L’un des points culminants de la journée a été l’adoption du nouveau code de déontologie. Ce texte vise à mieux encadrer les pratiques et à prévenir les dérives professionnelles. Interrogé sur les questions de fin de vie, le président Ogandaga s’est montré ferme : « La vie est sacrée. Ce code fixe des règles claires là où certains textes africains restent muets. »
La question sensible des médecins étrangers
Le débat a également abordé l’exercice des praticiens expatriés, un sujet qui avait suscité des tensions en commission. Les dispositions ont finalement été validées, sous réserve de leur mise en conformité avec les directives de la Communauté économique des Etats de l’Afrique centrale (CEEAC). « Ces directives sont supranationales. Le législateur nous aidera à intégrer ces normes régionales dans notre gestion des médecins étrangers », a précisé le président de l’Ordre.
Après le consensus obtenu lors de cette assemblée, les textes seront transmis au ministère de la Santé. Leur validation finale par les autorités gouvernementales est l’ultime étape avant une mise en application attendue par l’ensemble du corps médical gabonais.
Le « Grand écart » entre 1975 et 2026
L’ordonnance n°34/75, pilier de la médecine gabonaise depuis cinquante ans, est aujourd’hui perçue comme un frein. En 1975, la télémédecine, les biotechnologies ou même la densité médicale actuelle n’existaient pas. L’enjeu aujourd’hui est de moderniser ce texte, c’est aussi permettre une reconnaissance juridique des nouvelles spécialités et adapter la responsabilité civile des médecins aux standards de 2026. Il s’agit de passer d’un cadre post-colonial à un cadre souverain et technologique.
Le Dilemme éthique de la Fin de vie.

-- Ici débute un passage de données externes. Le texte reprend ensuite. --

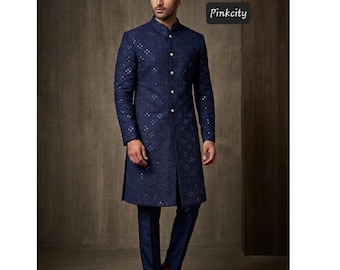 May include: A dark blue sherwani featuring a mandarin collar, long sleeves, and a front button placket. The garment is adorned with an all-over intricate tonal embroidery pattern and small reflective mirror accents. The text Pinkcity is visible.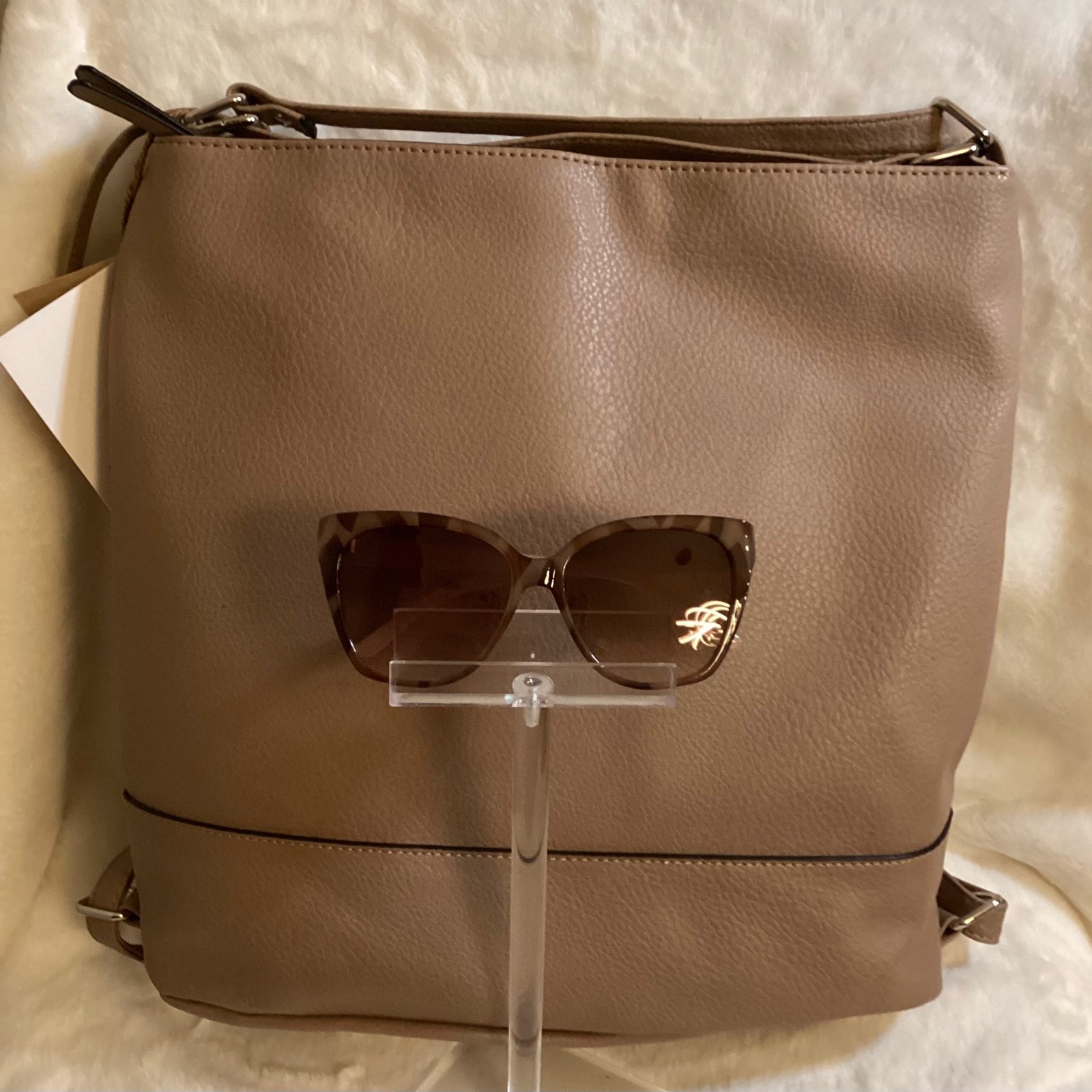 Taupe backpack with sunglasses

Le président Emmanuel Ogandaga a soulevé un point crucial : le silence de certains codes africains sur l’euthanasie ou l’acharnement thérapeutique. Dans un contexte où les convictions religieuses et la sacralité de la vie occupent une place centrale au Gabon, le nouveau code de déontologie doit tracer une ligne rouge. Le texte adopté cherche l’équilibre : protéger la dignité du patient sans jamais franchir le pas de l’acte de donner la mort, clarifiant ainsi une « zone grise » juridique qui mettait souvent les praticiens en difficulté.
La question des médecins expatriés est souvent un sujet politique sensible. Cependant, le Gabon ne peut s’isoler. En alignant ses textes sur les directives de la CEEAC, le Gabon favorise la mobilité des compétences sous-régionales. Cela signifie que les diplômes et les autorisations d’exercer suivront désormais des critères harmonisés. L’objectif est double : combler les déserts médicaux en province grâce à une main-d’œuvre qualifiée étrangère, tout en garantissant un contrôle rigoureux de l’Ordre sur ces autorisations.